ANIMA E FORME / UN MIX DI LAVORO E PASSIONE
Delle arti figurative la scultura è, senza ombra di dubbio, quella tra le più affascinanti proprio perché dà vita ad un rapporto del tutto particolare tra la materia e l’ artista .
Rapporto che è riduttivo chiamare coinvolgimento totale. Io, azzardando, direi che è quasi vera copula.
Lo scultore nell’atto d’intervenire sulla materia, quale che essa sia, è creatore.
E’ più demiurgo di ogni altro artista.
Perché?
Perché egli deve fare i conti con essa, con la”ribelle” che intende plasmare, sagomare, intagliare, sbozzare.
Madalena Macedo, scultrice portoghese, ha scelto per sé di lavorare esclusivamente sul legno e sulla pietra.
Nel legno le abbiamo visto creare delle figurine deliziose ,di un’eleganza stilistica ogni volta sempre impareggiabile rispetto alle realizzazioni precedenti.
E qui mi vengono in mente i soggetti sacri del periodo natalizio.
In particolare i “suoi” angeli.
Ma ci sono anche delle piccole sculture ,che rappresentano l’artista adolescente in quell’età acerba in cui non si è ancora donna e, al tempo stesso, lo si è già.
Promessa di femminilità in nuce, insomma.
Sono prove giovanili queste opere, cui faccio riferimento, alle quali l’artista è poi ritornata col trascorrere del tempo per affinare di volta in volta le sue abilità, come è giusto che sia .
Si è già detto che la Macedo, come ogni bravo artista, come sappiamo persino di quel gigante, che é il sommo Michelangelo, sceglie lei tanto il legno che la pietra e se li va a cercare personalmente, essendo anche un amante del trekking.
La scultura in legno di cui voglio parlare, ultima a livello temporale, è però quella che raffigura una rosa.
Una rosa lignea, che poggia su di un basamento- letto, che riesce a contenerla agevolmente, sul quale essa si apre, senza indugio, con i suoi larghi petali quasi corpo di donna amante che si offre, non reticente, al suo uomo.
E lo fa con grazia particolare. Quella stessa capace di richiamare alla memoria , per un attimo, l’emozioni suscitate dai versi dei poeti provenzali, che nel medioevo erano soliti allietare le corti dei ricchi feudatari di mezza Europa.

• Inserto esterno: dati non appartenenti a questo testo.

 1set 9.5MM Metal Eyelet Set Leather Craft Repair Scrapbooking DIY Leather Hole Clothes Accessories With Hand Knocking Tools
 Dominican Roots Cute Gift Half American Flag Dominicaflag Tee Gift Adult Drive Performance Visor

Se scopo precipuo dell’arte è quello di suscitare emozioni nello spettatore-fruitore, la rosa lignea della Macedo ha centrato l’obiettivo. Essa lo conduce, a saper ben guardare , come per magia, tra dame, cavalieri e menestrelli.
E il sogno è sentimento. Legno è poesia.
Per la lavorazione della pietra, pur riuscendo ad ottenere l’artista lo stesso encomiabili risultati, nei formati piccoli o grandi indifferentemente, il discorso è diverso perché l’impegno è molto più faticoso.

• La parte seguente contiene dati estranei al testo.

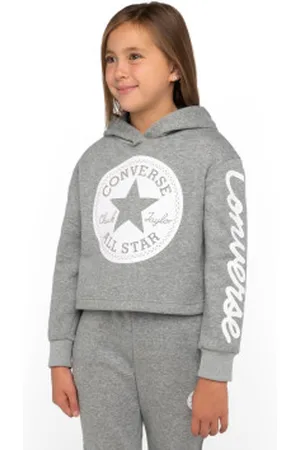 Converse Para menina. 469889 Sweatshirt cortada Assinatura cinzenta (M), Casual, , Algodão, moda infantil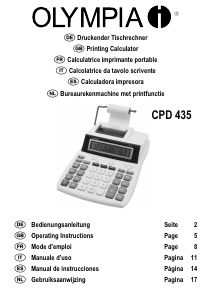 Manual Olympia CPD 435 Printing Calculator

Lavorare la pietra significa, quasi sempre, possedere forza fisica.
Moltissime volte la Macedo, parlando agli amici, non si vergogna di mostrare le sue mani provate dalla fatica o il suo fisico stanco per le prolungate ore di lavoro , all’aperto, con ogni tempo.
Ma l’artista non sarebbe tale se una forza interiore non lo spingesse a “fare”. Ad andare avanti. Costi quel che costi.
Lo spettatore, a lavoro completato, elogia o denigra, a seconda dei casi, esprime comunque il suo giudizio. Ma lo stesso, uomo o donna che sia, non immagina affatto il tempo-orario, le notti talora insonni, la fatica fisica, tutte quelle componenti che il “bello” compiuto per il nostro solo piacere estetico comporta.
Le sculture in pietra di Madalena Macedo raccontano storie diversissime.
Si va da teste e /o busti di bambini o adolescenti,soggetti spesso familiari, il figurativo puro dunque, a prove più ardite per staccarsi volutamente dalla statuaria tradizionale e tentare così anche nuovi valori plastici o luministiche modulazioni e stilizzazioni.
Altre volte ,ancora, si gioca addirittura a realizzare oggetti d’arte,alla maniera di Wild(anima e forme) che siano una sintesi bilanciata di elementi contradditori solo in apparenza.
E il risultato è quasi sempre più che apprezzabile.